Another inotropic “Failure in Failure?”

CK-1827452 is a novel inotropic drug being developed for heart failure.

Inotropic drugs have “failed” in long-term treatment of heart failure because they increase mortality.

Virtually all prior similar agents looked “promising” when at the same stage as CK-1827452 is now.

The mechanism of inotropic effect is probably not as important as the effect itself, which is harmful.

All potent inotropic drugs, like CK-1827452, are suspect for long-term treatment of heart failure.

There is little reason to be optimistic about the chances for success of CK-1827452.

Amgen has recently allied with Cytokinetics in the development of a new drug for heart failure (HF). The drug involved, CK-1827452, is an inotropic agent that acts through a novel mechanism to make the heart contract more forcefully. So far the drug has been given only to animals and normal human volunteers, and has performed as expected, i.e., improved cardiac contractility in both. The drug is about to enter the next stage (Phase II) in humans with HF, i.e., small trials as “proof of concept”, to be followed by Phase III, or large clinical trials in HF to assess general efficacy and safety if Phase II is successful.

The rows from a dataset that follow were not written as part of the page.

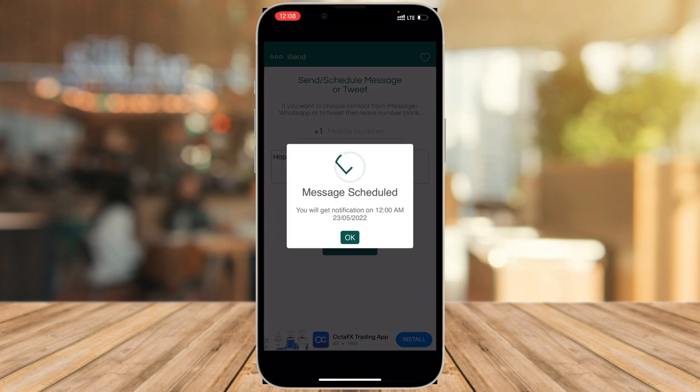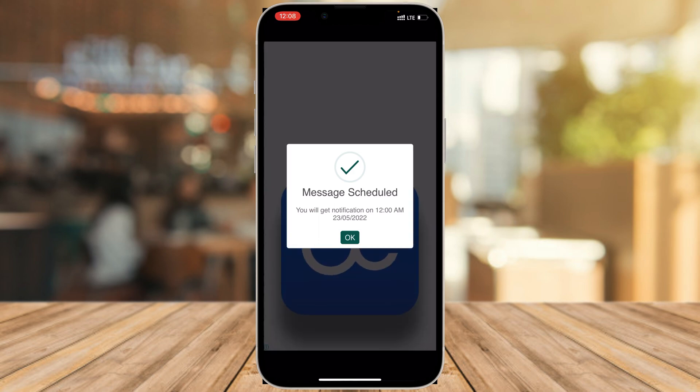I'll select 12 AM, so you can see: 12 AM, May 23rd, 2022. I click Save, and it tells me my message is scheduled. I'll get a notification at 12 AM on May 23rd, 2022, which is Monday. That notification reminds me to go ahead and wish them. This will help us never forget birthdays, anniversaries, and more. Let me know your questions in the comments — if you like the video, subscribe. See you in the next one!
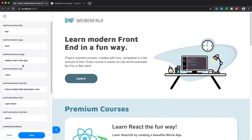Hope you enjoyed this video. I think TinaCMS is going to be big and a great tool to use alongside Gatsby and Next.js, and maybe even with a regular Create React App. That's it — see you in another one.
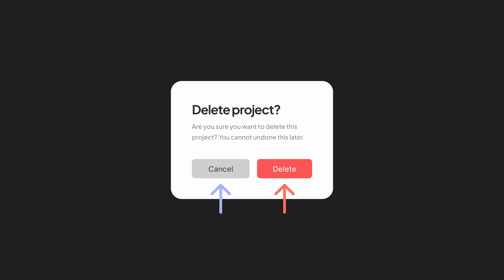Therefore, we need to use different types of buttons to indicate their level of importance. It's much better now.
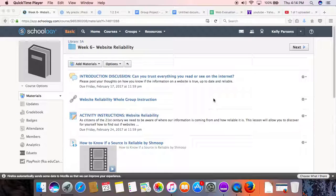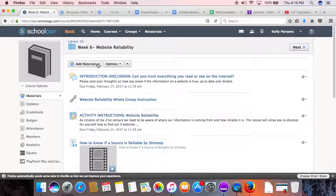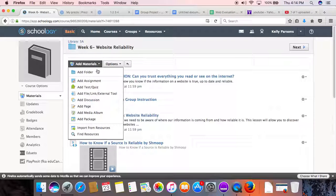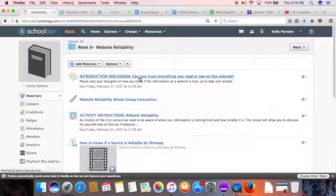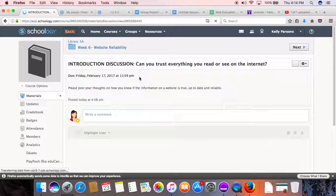For the introduction to my website reliability lesson, I chose to create a discussion forum using the Add Discussion tool here in Schoology. I asked my students: can you trust everything you read or see on the internet?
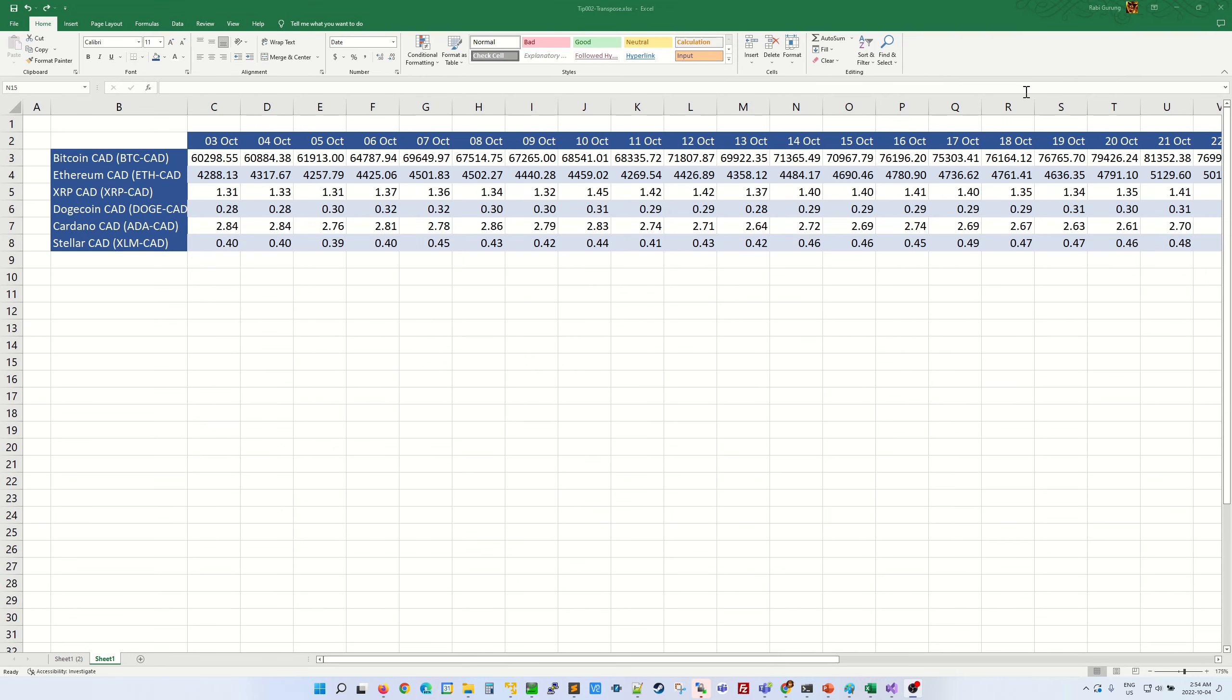If you want to flip your table from horizontal to vertical, in other words, transpose your data from row to column and vice versa, this is how you do it.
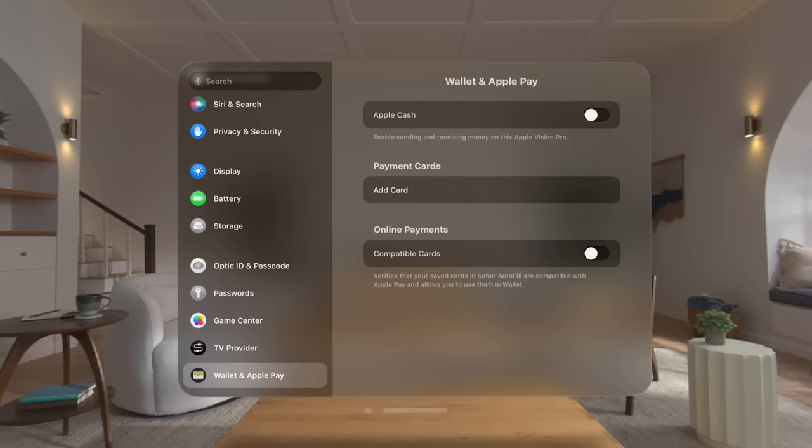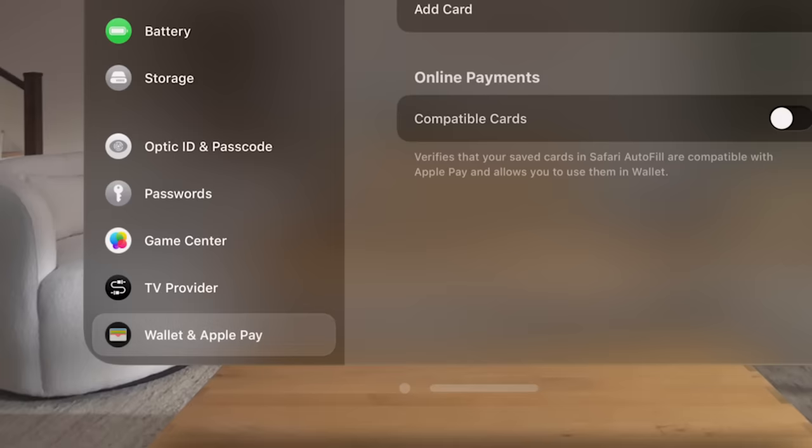When you're done in settings, just look at the close button at the bottom of the window and tap to select it.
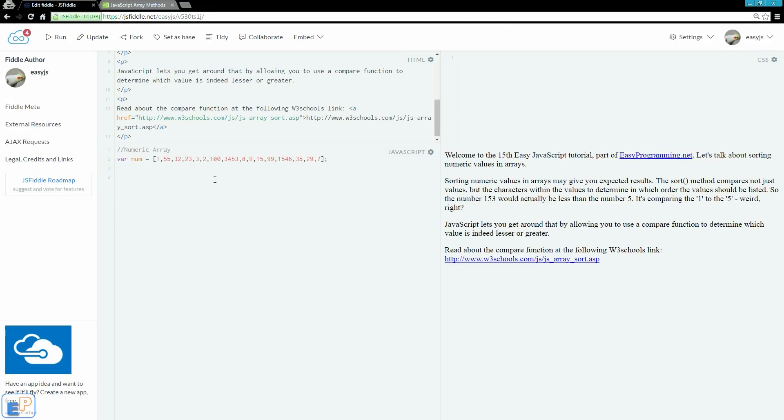Hey there! Welcome to the 15th EasyJavaScript tutorial, part of easyprogramming.net. In the last tutorial we covered the many array methods, which took some time. This tutorial shouldn't be as long.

There are many inotropic drugs and all have “failed” in large long-term clinical trials in HF because of their propensity to cause cardiac arrhythmias and an excess of deaths in patients with HF. The list includes amrinone, milrinone, flosequinon, beta-blockers with intrinsic agonist activity (xamoterol, bucindolol), etc. Each of these (and others) acts through different mechanisms, all thought to be unique early on and unlikely to produce harmful effects. They all looked very promising early in development, i.e., at the stage where CK-1827452 is now. So far there is nothing “unique” about CK-1827452.

Having a novel inotropic mechanism may not be important. What seems important is that making the failing heart muscle contract more forcefully, regardless of how this is done, may actually harm the heart muscle, analogous to “beating a dying horse.” The only inotropic drug used for long-term treatment of HF is digitalis (digoxin), and it has not been shown to reduce mortality, but has also not increased mortality, probably because it is a relatively weak inotropic agent compared to the others mentioned. Many HF experts would question the logic of anyone developing a new inotropic agent in this day and age. Such agents are limited to very short-term use in acutely decompensated HF, for which many agents already exist.